Agree 100% - I learned the hard way many years ago. Nothing but PFS for me ever since then, in all my tanks.


----------



## DevilDogDoc (Dec 12, 2014)

20 grit silica sand (PFS)in both of mine works great. No clouding nice even sized grains.


----------



## discuspaul (Jul 27, 2010)

DevilDogDoc said:


> 20 grit silica sand (PFS)in both of mine works great. No clouding nice even sized grains.


 
That's the one to get. 
Even # 30 grade density is good, but # 20 is even better.


----------



## GraphicGr8s (Apr 4, 2011)

I used the play sand in a couple of tanks myself with no adverse effects. Thinking about it I've also used sand meant for paving blocks with no trouble. Run the filter to clear the water.

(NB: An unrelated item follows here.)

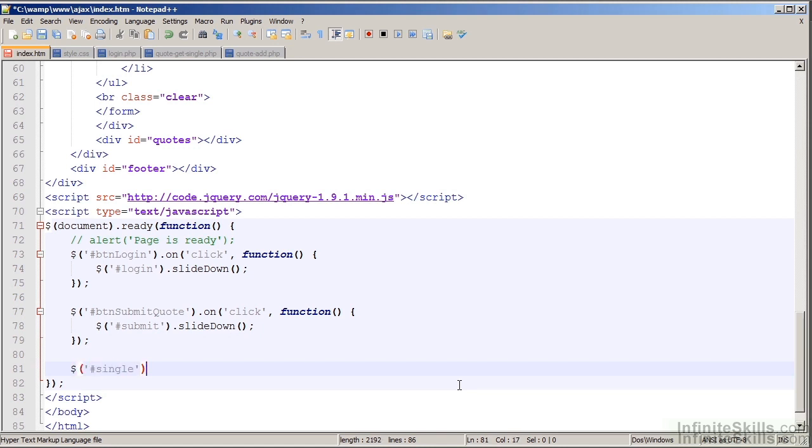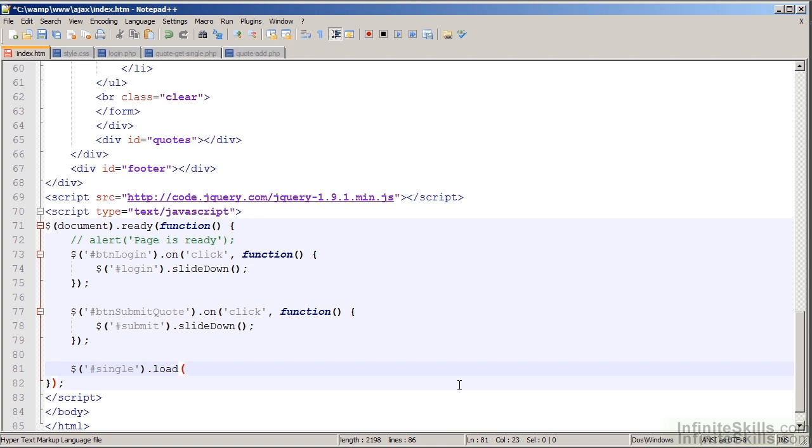Now, there is a load method that I can call, and then all I need to do is specify where do I need to load my information from. So I'm going to say .load, and then give the URL. My URL, because I'm relative to where I currently am, and that quote-get-single.php file is in the same directory, I don't have to worry about specifying where in the directory structure, where in my host name am I getting this from. Single quote, specify the string for that file name.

Back in the 80's it's all I ever used in my turtle tanks and I set up a high flow river biotope for a while again with no trouble.


----------



## Naiad (Jun 20, 2014)

Just another vote for pool filter sand. Zero problem with settling, looks great, and soooooooo much easier to clean. Took maybe 20 minutes of rinsing for 1 bag of it.


----------



## alcimedes (Dec 7, 2014)

I had to rinse my play sand for hours before I was happy with it.


----------



## Catfishguy (Jan 6, 2014)

The key to play sand is rinsing REALLY well and has been already said. I've got some in two different tanks. One was rinsed well, the other I got lazy and only rinsed a little thinking it would just clear up over time... Big mistake,the slightest stir creates a cloudy tank for days and you must fill the tank slowly when doing water changes or it will become cloudy. I almost hate this tank now because it's almost never clear. I'm not switching it out though because it would be too much of a pain to do.


----------



## BruceF (Aug 5, 2011)

I use play sand all the time. I find the key thing is wetting it and filling the tank very slowly. I never rinse it anymore. If you do fill it and it becomes cloudy you need to empty it and refill it more carefully. It takes a little time but it seems to work fine. 

Or maybe I am just lucky!


----------



## Wilderman204 (Mar 5, 2015)

The powerhead in my 20gallon is angled slightly down, blows right towards a beach of #20 grit pool filter sand. The sand doesn't budge... Not one stinking grain. But won't your turtles just dig it all up?


----------